I ought to watch the movie again, just to get it out of my head, but I'm not sure that will help. Listening to the soundtrack certainly hasn't.
Nor has reading fanfic--and...well, maybe this little facet of my personality isn't so well known as I thought, so I won't preface this with 'anyone who knows me very well,' and will simply say this: I have Issues with fanfic, so the fact that I'm reading any at all is strange in and of itself.
Why issues with fanfic?
Well, one reason really depends on the genre--I had to stop reading Harry Potter fanfic because I was starting to get the book canon vs the fanfic canon all messed up. If the writer isn't finished with the series, there's a big hazard that I'll get the worlds mixed up, and...yeah. I've tried very hard to stay away from HP fanfic, though for anyone who's interested in a Severus Snape mentors Harry kind of thing, I strongly recommend Aspen in the Sunlight's 'A Year Like None Other,' which is on skyehawke (archive.skyehawke.com, click on Popular Stories, hers is right at the top). But that one fic aside, I don't read HP stuff anymore--I can't. LotR is somewhat safer, as is Labyrinth, since the stories are finished, but...

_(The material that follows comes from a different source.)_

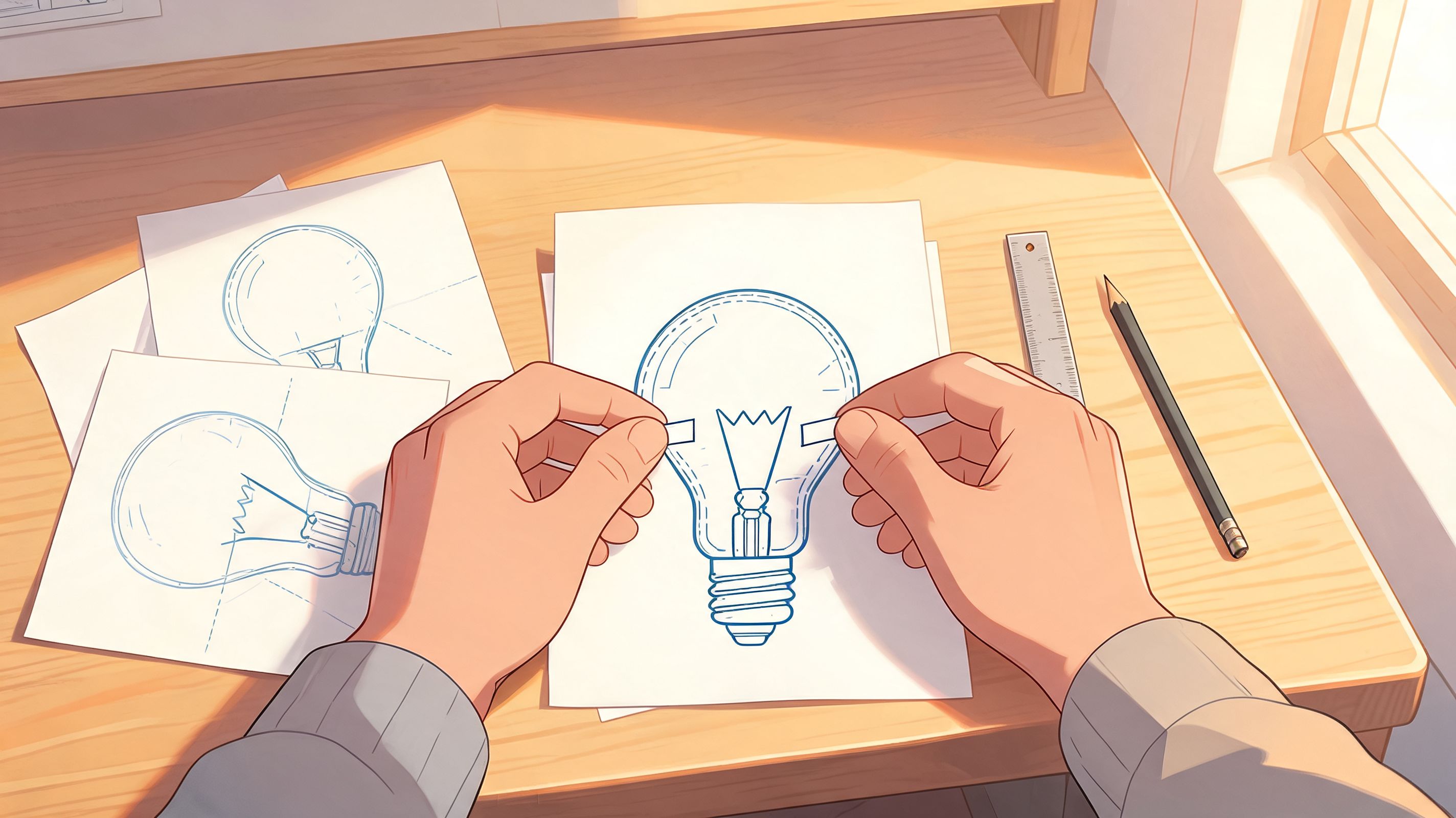 A person sketching a light bulb drawing on white paper while sitting at a wooden desk.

The other problem I have with fanfic is that oh so much of it is written by either 15 year old girls who have no idea what life is really like, people who want to insert themselves into the story so make horrible Mary Sue-ish original characters, or people who have no command of the English language and refuse to get a beta reader so instead force their reader to try and figure out just what the fuck they're talking about because they don't know how to format dialogue and can't spell worth a damn and...arrrg. Yes, I am a self-admitted grammar nazi. Yes, I know I am not perfect, not by any stretch of the imagination, but if your summary is full of AOL or l33t speak, or if you misspell names of the main characters, or forget that there are supposed to be spaces after punctuation marks, well, sorry. I won't read your stuff.
ANYway. So, I've been reading a lot of Labyrinth fanfic lately--all Jareth/Sarah, of course--and have had to wade through a ton of CRAP to find a few of the jewels that I have, and none of this has helped me solve the obsession. Hell, maybe it's caused it, for all that I know. But if anyone's interested, I can make some recommendations.

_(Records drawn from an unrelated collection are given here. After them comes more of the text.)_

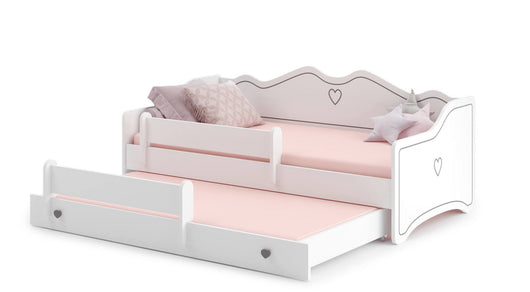 Letto singolo per Dvicchiarell, Divano letto con secondo lettino estraibile, Lettino con decorazione e protezione anticaduta, cm 164x88h70, colore Bianco e Grigio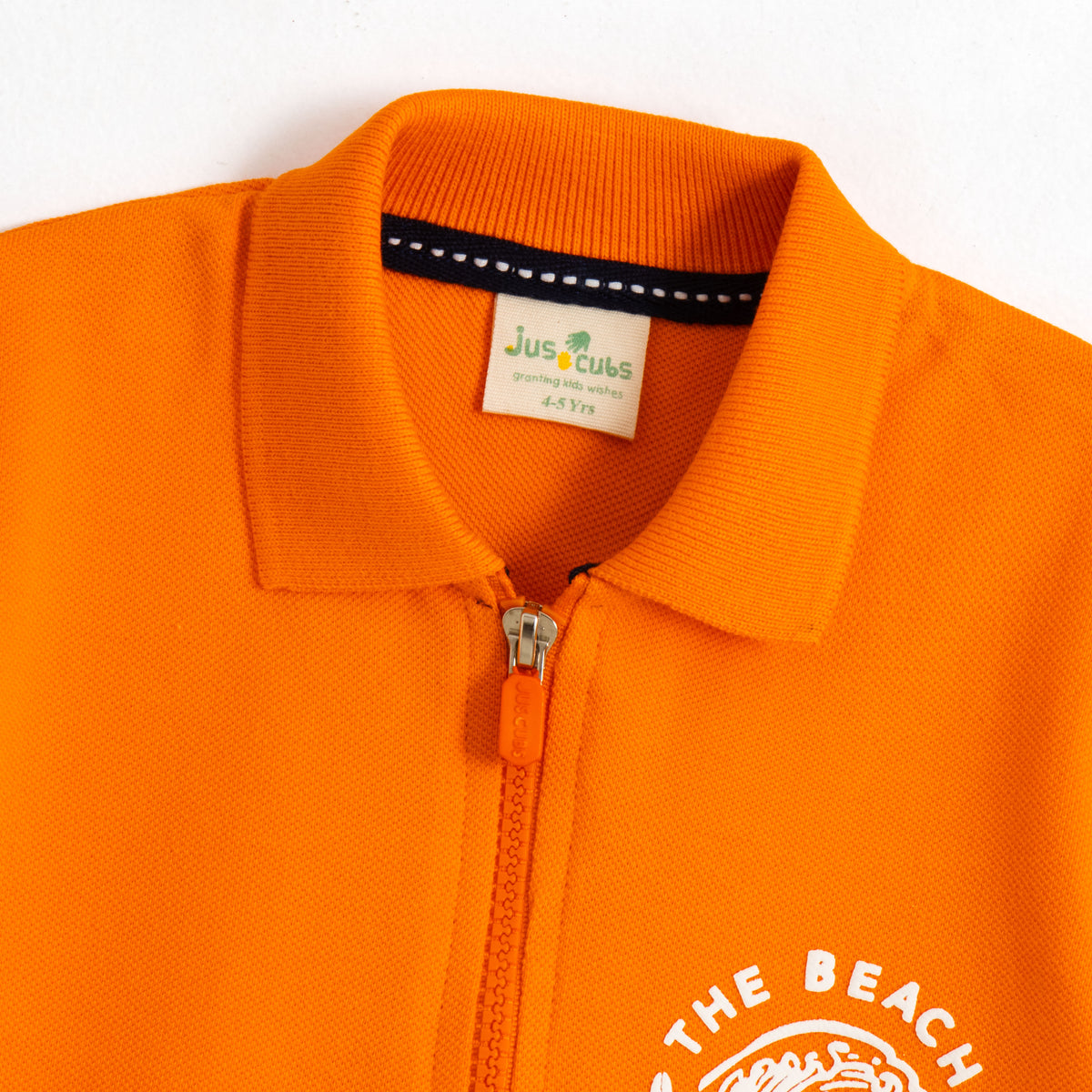 JusCubs Boys’ Orange Beach Print Half-Zip Polo T-Shirt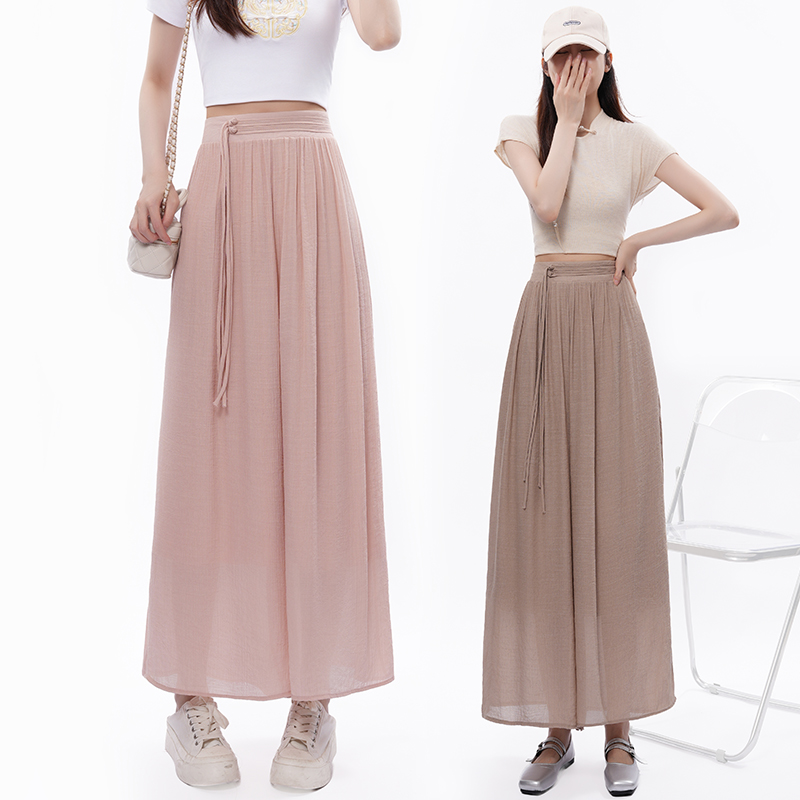 Cotton linen all-match culottes durian wide leg pants
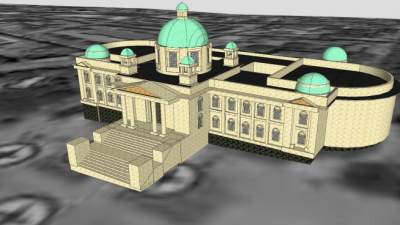 现代法案国民建筑SU模型下载_sketchup草图大师SKP模型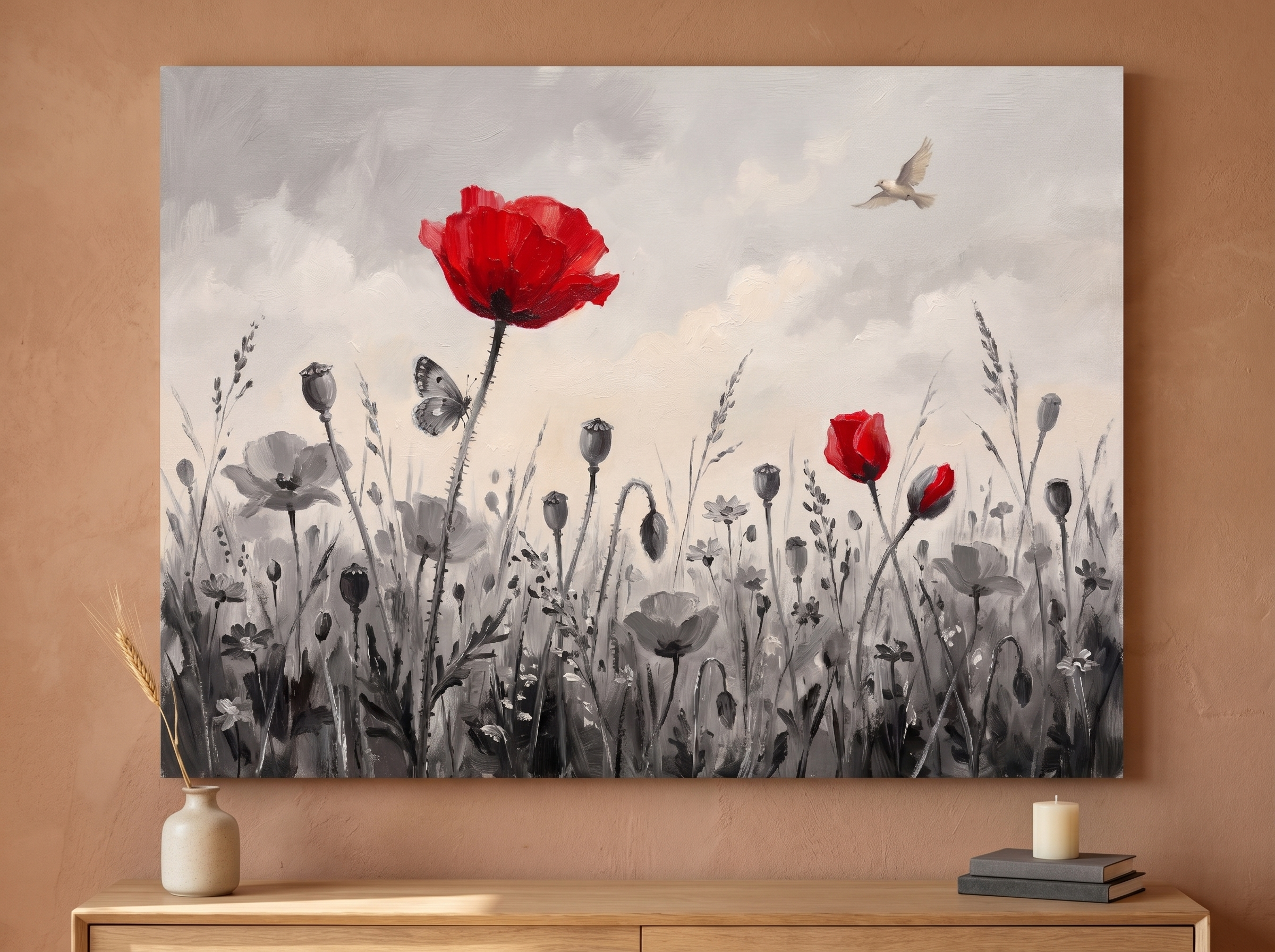 Red poppy selective color canvas in painterly black white grey charcoal and cream with single red bloom hung in industrial loft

But I'll be there for you,
As the world falls down
Easy stuff first. Think good thoughts for my English professor, as she's in the running to be selected as a spokesperson for a political party (she didn't identify which one), and it's something that she's very interested in and would do really well at, so...yeah. Think good thoughts.
Geography yesterday was...entertaining. Right now, we're talking about east Asia, and spent most of our time talking about China. 1.3 billion people, most in the eastern third of the country, which is about the size of the US. Compare that with our 295 (I think) million, and imagine how bad the traffic would be.
Anyway, one of the things that was discussed was their 'one child, one family' policy that has been in effect since 1980. The only exception to this is when two only children marry, then they're allowed to have two kids. It's a pretty hefty penalty if you have more than one, in fact--the fines are two times a person's annual income. Amazing. But the birth rate is still fairly high for the 'one child, one family' rule, mostly because the country is 70% rural, people in rural areas are less educated, and less educated people have more babies--a worldwide truth, which I found interesting.
And thus, their population continues to grow (though India is estimated to outstrip China's population by year 2025), and the gross domestic product is around $324 US per *year*, and people commit infanticide, and selective abortion is not only popular but is government funded, and and and.
One of the girls in my class asked, "But...can't someone fix it? Give money or something?" The implication is, of course, can't the United States fix it, by throwing money and social programs at it?
I guess this is one of the things that makes me something other than a democrat, because I sat up there in the front of the class, shaking my head. Sorry, but no--I am not going to let the government raise my taxes still further to throw still more money out in foreign aid, and by the way, we already DO send aid all around the world. If you're that interested in making a difference, join the Peace Corps.
It shows my age, I suppose, that I am not the idealist I used to be, that people who *are* still that way just...make me shake my head.
I really love the class, though. Makes me wonder how I'd use a dual degree in psychology and geography, if there's even any way for me to do it.
But then I remember that it's bad enough to deal with *one* major. Two would probably be the death of me. :)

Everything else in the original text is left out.